Je relevai la tête distraitement, regardant un sourcil levé, la personne qui venait de m'interrompre. Un soleil vivant venait de m'arracher de mon imagination. Ce jour-là, le sourire de Yasmine aurait pu éblouir notre étoile. Elle souriait des lèvres, des yeux, des mots, de son corps tout entier, et même de ses pensées. Je ne l'avais jamais vue aussi heureuse.

— J'ai été prise !

Elle lâcha ces mots en riant, comme si ces quatre mots étaient le remède qu'il lui fallait pour trouver le bonheur, qu'ils étaient le mot de passe du soulagement, l'échelle pour passer au niveau supérieur.

Je la félicitai, gagné par son enthousiasme, et la laissai me conter une énième fois combien c'était une opportunité en or, que c'était une université renommée dans le monde entier, et que sa vie allait changer. Yasmine avait passé des examens d'entrée pour une école de ce pays là-bas, de l'autre côté de la mer. Les places étaient chères pour la traversée, mais avec sa volonté et ses compétences comme bouée, elle avait réussi sans accroc.

Elle n'avait pas simplement répondu à "Comment ? ", elle l'avait fait. Elle avait franchi le fossé qui pétrifiait tant de monde, elle avait sauté dans le vide, sans savoir si son parachute allait se déclencher, quand tant d'autres, moi compris, restaient au sol pour la regarder.

J'étais heureux pour elle, et très impressionné, mais j'étais aussi jaloux. Voilà plusieurs semaines que j'écrivais à l'abri des regards, vivant seul dans mon coin, dans mon monde, mon projet fou. Et pourtant... hors du papier, rien n'avait changé.

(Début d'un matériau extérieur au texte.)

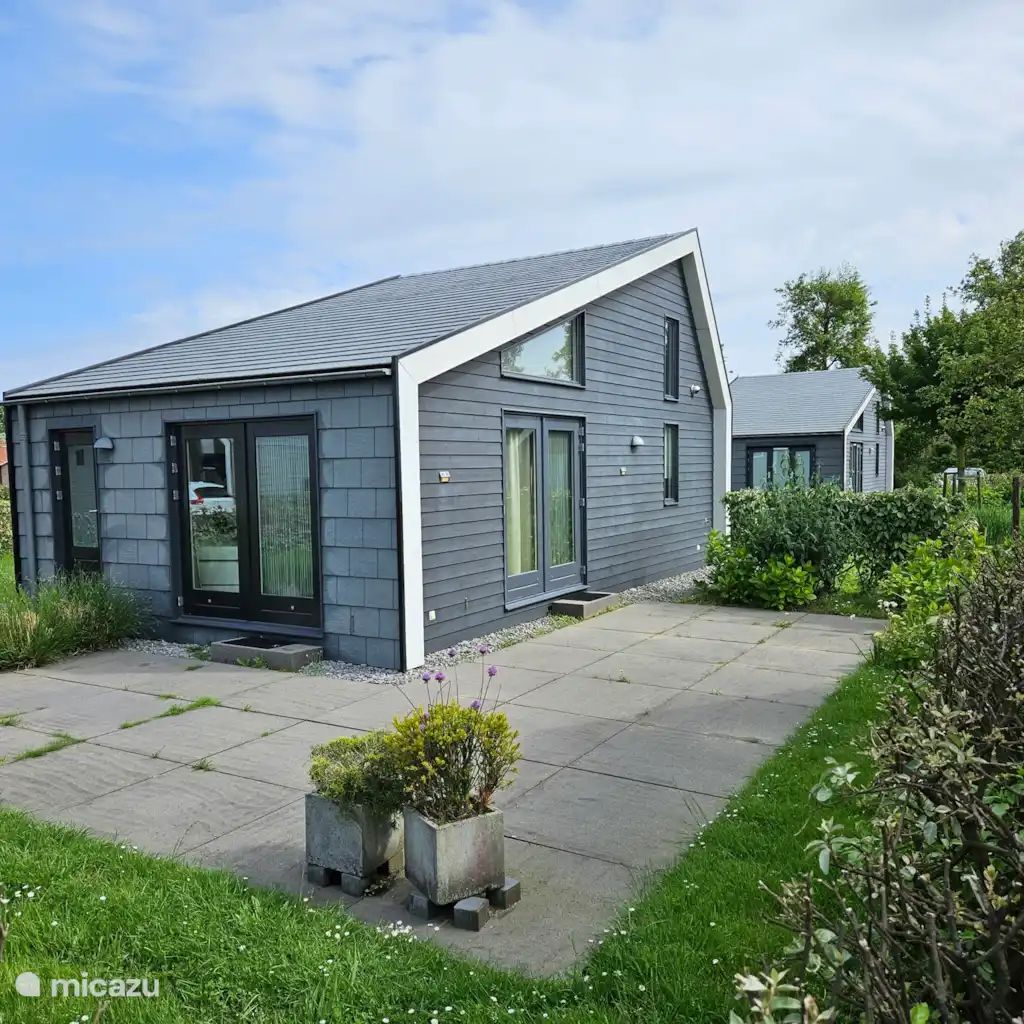 Unterkunft 641321 - Ferienhaus Zuid-Beveland - Beau Su Mer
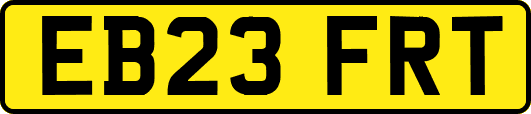 EB23FRT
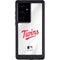 MLB Minnesota Twins Home Jersey Galaxy S24 Ultra Waterproof Case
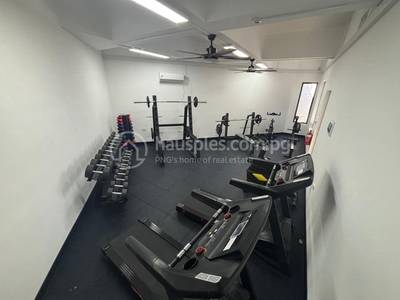 residential Apartment for rent ใน Touaguba Hill รหัส 31684 15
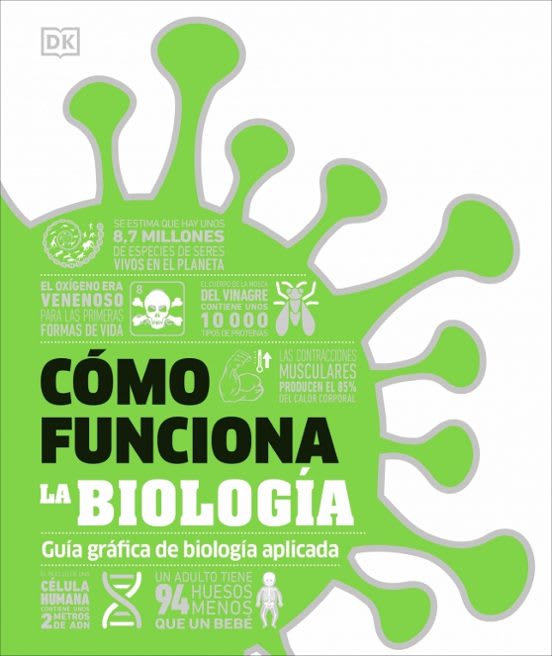 CÓMO FUNCIONA LA BIOLOGIA1
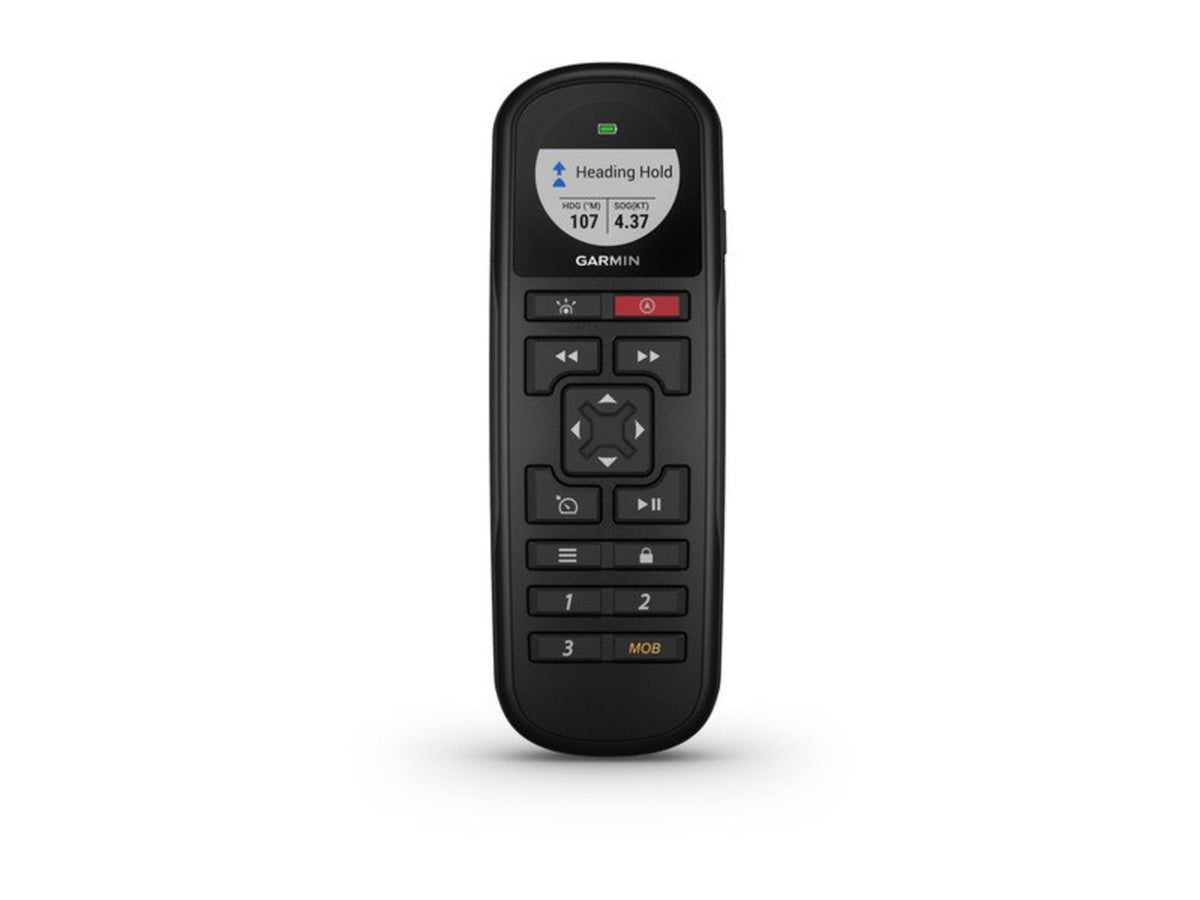 Garmin Accessory Remote Reactor Autopilot 010-12833-10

Sous la mine de mon crayon, je sentais le courage grandir en moi, ma timidité disparaître à une vitesse folle. Dans ce monde de mots, j'avais réussi à plaisanter, discuter, et à m'ouvrir à des gens que je ne connaissais pas. J'avais réussi à leur dire qui j'étais, ce que je faisais, et je leur avais montré mon travail. Moi qui avais du mal à discuter avec Yasmine, là-bas, nous ferions la conversation pour quatre !

Le cahier fermé, j'étais toujours Marcelin Coudert, élève sérieux et discipliné de ce lycée. Adolescent modèle, discret, introverti, respectueux de ses parents, des adultes. Solitaire, quand je n'étais pas harcelé par les mouettes ou quand Yasmine ne venait pas me faire un compte-rendu de ses journées. J'avais beau rêver, m'imaginer évolué, j'étais resté le même.

Même à l'intérieur de mon rêve, j'en avais marre de simplement jeter des bouts de papier. Je ne voulais plus me cacher derrière mon stylo, je ne voulais plus que ma voix ne soit que de simples traits d'encre, je voulais qu'elle soit propulsée par un micro, et que mes chansons se fassent enfin entendre, et non pas seulement voir.

Le problème avec les rêves, c'est que parfois, le réveil fait mal. Comme la fleur du lotus, ils nous créent une nouvelle dimension, et nous laissent aveuglés par le bonheur, par un monde sans souci, sans ennemi, sans remord. Ils font s'écouler le temps en décalé, et à peine se sent-on bien qu'il faut retourner à la réalité.

Cependant j'aimais toujours autant les rêves, j'étais toujours aussi fasciné et heureux de fermer les paupières, et j'étais resté persuadé que c'étaient eux, qui nous permettaient d'avancer.

— Tu m'écoutes ?

Yasmine claqua des doigts devant mon nez et me fit sortir de mes pensées. En voyant mon air penaud elle rit, et reporta son regard sur mon carnet.

— Qu'est-ce que tu fais d'aussi captivant ?

— Je rêve, répondis-je simplement.

Elle me sourit et descendit du mur. Après un geste de la main, elle s'éloigna gaiement. Même de dos, elle resplendissait de joie. Elle allait sûrement rejoindre Arsène en ville et lui annoncer la nouvelle.